Aim of the exercise:
The answer must be the full data, restated word for word, with no pictures in it.

Data shown:
------------
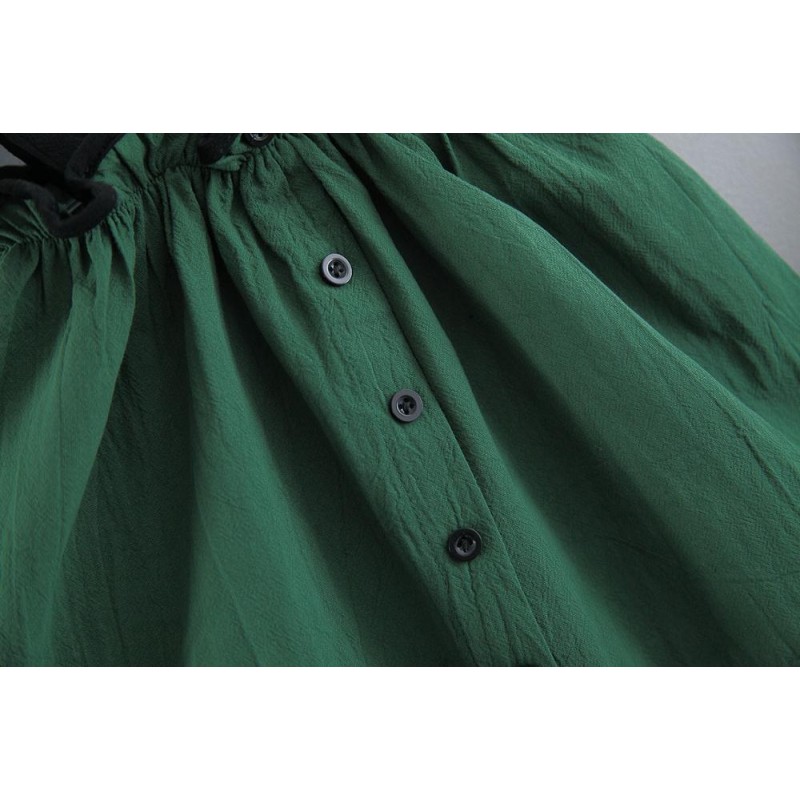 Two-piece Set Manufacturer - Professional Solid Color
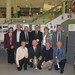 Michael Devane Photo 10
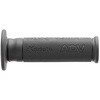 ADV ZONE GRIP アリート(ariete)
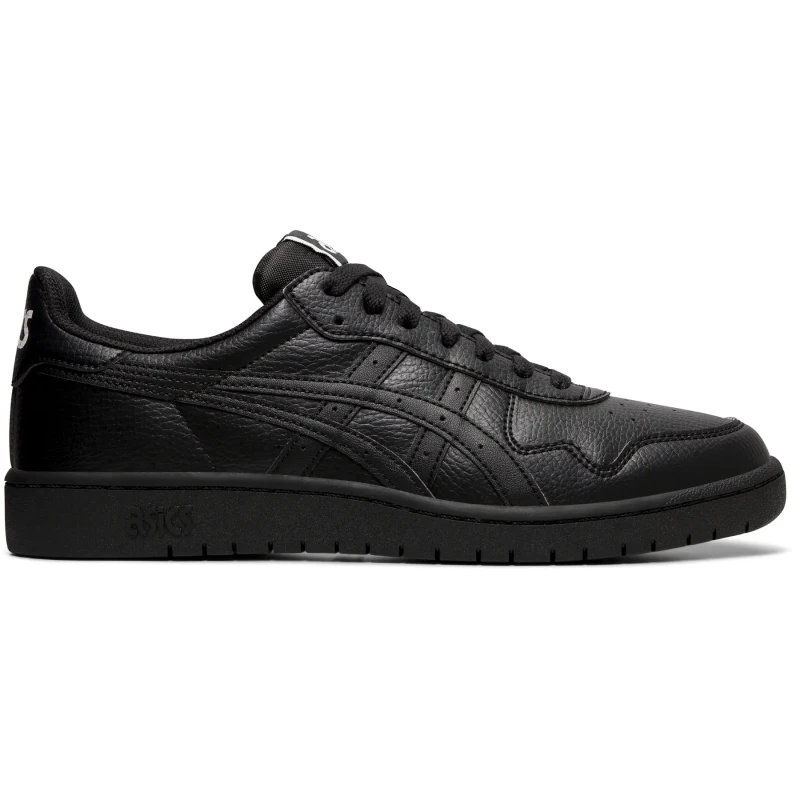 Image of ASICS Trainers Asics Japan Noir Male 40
------------
Task response:
 Two-piece Set Manufacturer - Professional Solid Color
 Michael Devane Photo 10
 ADV ZONE GRIP アリート(ariete)
 Image of ASICS Trainers Asics Japan Noir Male 40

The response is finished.